You can just have a quick listen and copy it. (Rasmus:) The digital
age has changed the way the value of music is perceived. It's like "Why
should you go and spend 10 quid, or 10 pounds, on the album when you
can just listen to it for free?".
But you forget what you are supplying. You're
not just buying the music; you're buying into the band. And I think
people forget that, because it's just easy, and people tend to just
go for whatever is easy. They forget that there is a weight to do the
hard stuff and do the hard thing, but when buying an album you're actually
supporting the band way more. And if people want more music from the
bands they like, they should maybe consider putting their weight into
(Brian:) Maybe some people think that way. A
lot of people think record companies are just like fat cats, so they
think it doesn't matter. (Rasmus:) But
it's also that thing of having a physical hard copy. I think we're very
lucky because we're in a style of music where the fans are extremely
loyal. (Brian:) Young kids are not interested
in hard copies, are they?
(Rasmus:) Well, I mean, we say that, but we have
seen, like, young kids go like "I want this vinyl." and "You
don't have a vinyl player.". They want it, because it's big. (Brian:)

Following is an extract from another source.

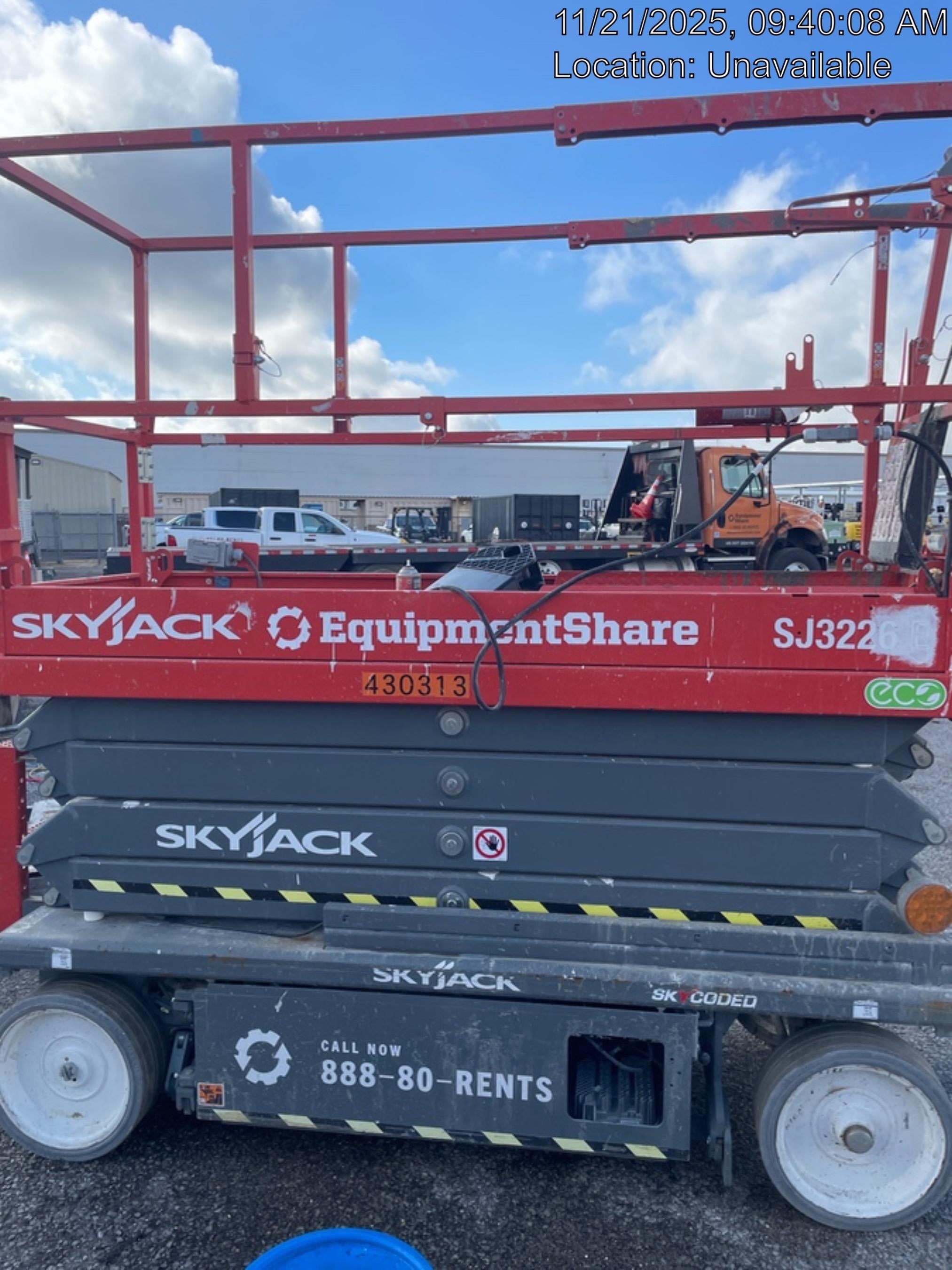 2024 SKYJACK SJ3226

On the whole, they're not interested.
I just got Spotify myself, and I've tried it, and I must admit that it's
very cool, because it's so easy.
Rasmus: It works, but again, it's the whole thing.

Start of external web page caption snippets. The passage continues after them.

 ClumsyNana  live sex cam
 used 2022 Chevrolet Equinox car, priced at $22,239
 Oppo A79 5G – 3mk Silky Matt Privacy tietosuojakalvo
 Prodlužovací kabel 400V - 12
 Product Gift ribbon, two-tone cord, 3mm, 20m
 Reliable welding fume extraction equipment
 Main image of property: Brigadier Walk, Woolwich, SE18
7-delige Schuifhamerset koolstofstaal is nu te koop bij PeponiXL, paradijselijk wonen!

I will admit I also use Spotify, but I use it in a way that if I know
the band that I like, I will listen to it, and then immediately, if
I like it
Well, it should not even be the case. If it's a band
I know I like I would just buy their album because I wanna support them.
So, recently Jinjer released an album called
Macro and I bought it the day after. I bought it so I actually had it
on a digital version and then I listened to it again on Spotify while
I was downloading. And I loved it, and I'm gonna buy the physical copy
as well, because I think it's great. So I think it's fine if you like
Spotify because it's easy, but maybe just go and spend the money on
the record as well, because it would take you, like, a lifetime of streaming
that album to gain the same value for the artist.

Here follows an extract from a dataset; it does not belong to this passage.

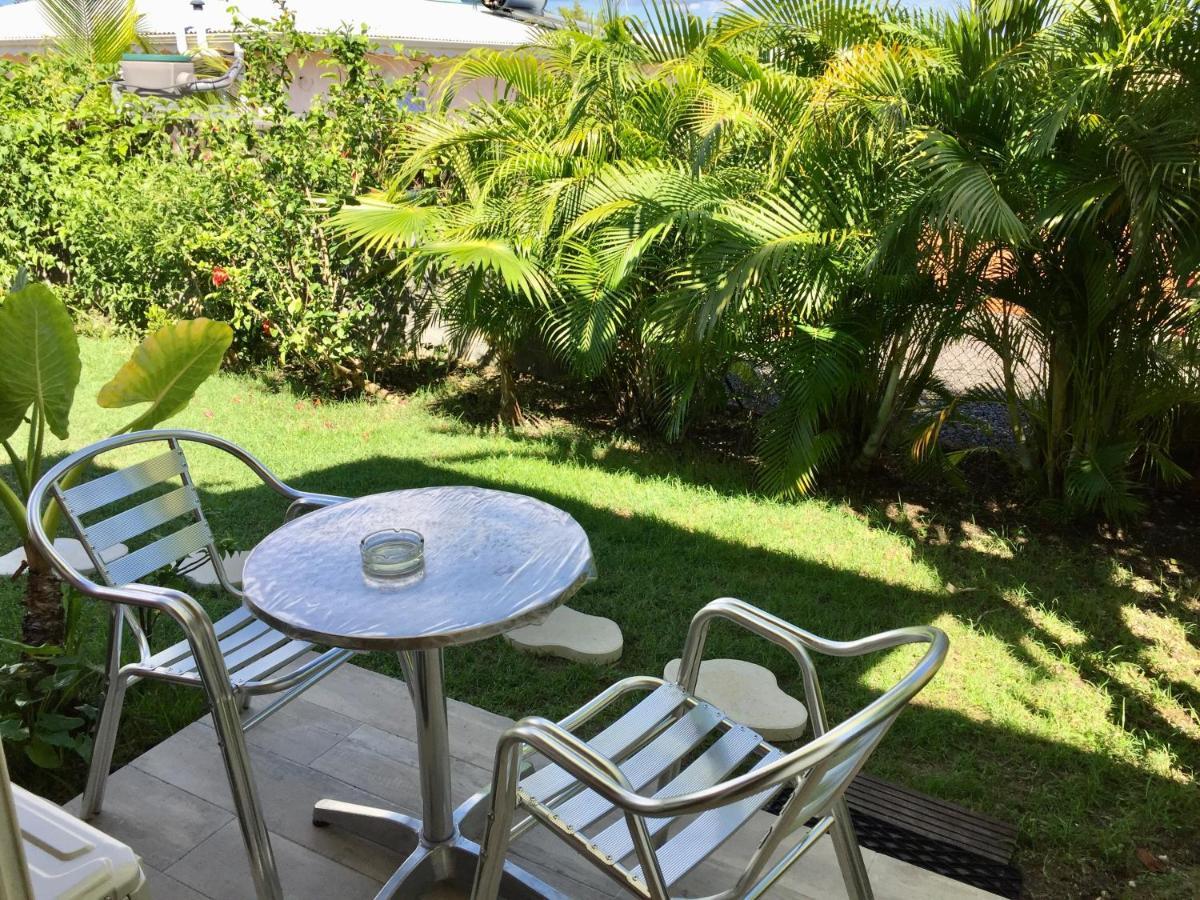 Villa Saphir B & B Sainte-Anne  Dış mekan fotoğraf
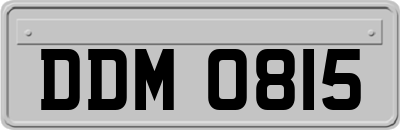 DDM0815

And I think that's what people don't understand.
They don't understand the math behind it. I would have no problem with
streaming services and all that, if they actually pay the artist what
would be fair.
Tobbe: To have a history like Diamond Head
has, if you must choose one, is that a blessing or a curse?
Brian: A blessing. It's great. It's a great band.
I've managed to come up with some good songs. And of course Metallica
have helped by covering us and playing those songs all over the world,
and, you know, provided income for me. So I think it's great. I mean,
a lot of bands had liked to be in our position. Just 'cause we're not
the biggest band in the world
Not many get there. It's very rare.
And influential. There's not that many influential rock bands, are there?
7 years until 50 years of Diamond Head. How about that?
Brian: 7 years 'til 50
I don't have any
thoughts about that. Next year is the 40th anniversary of the Lightning
To The Nations album, so we're planning to do some gigs, and play the
whole album, and, you know, try to make a bit more of a deal of it.
But I'm not thinking about the 50th anniversary, whether Diamond Head
will still be going. You know, I'll be 60 next year.
Tobbe: Well, you would only be 66 by then.
Brian: Exactly. People say "Rolling Stones
is still going.". Who wouldn't trade places with Mick Jagger and
Keith Richards? (Rasmus:) Yes, they have
several people making tea, and massages, and food. If you can give me
that, I'll go until I'm 72, or more.
Tobbe: People usually say that nothing lasts
forever, so how do you envision, like, the final chapters of the band?
Brian: Who knows? We're just going while we can,
while it's good. It's great to have Ras onboard. We've done two albums
with Ras. They're both great; well-received. We've got all these dates
with Black Star Riders, we've got 5 dates with Saxon probably, we've
got 3 with Uriah Heep, we've got festivals for next year. So it's all
going very well and we're just gonna roll with the flow. You know, keep
the flow going. (Rasmus:) If things are
good, if things are right, if everyone is happy; why stop it?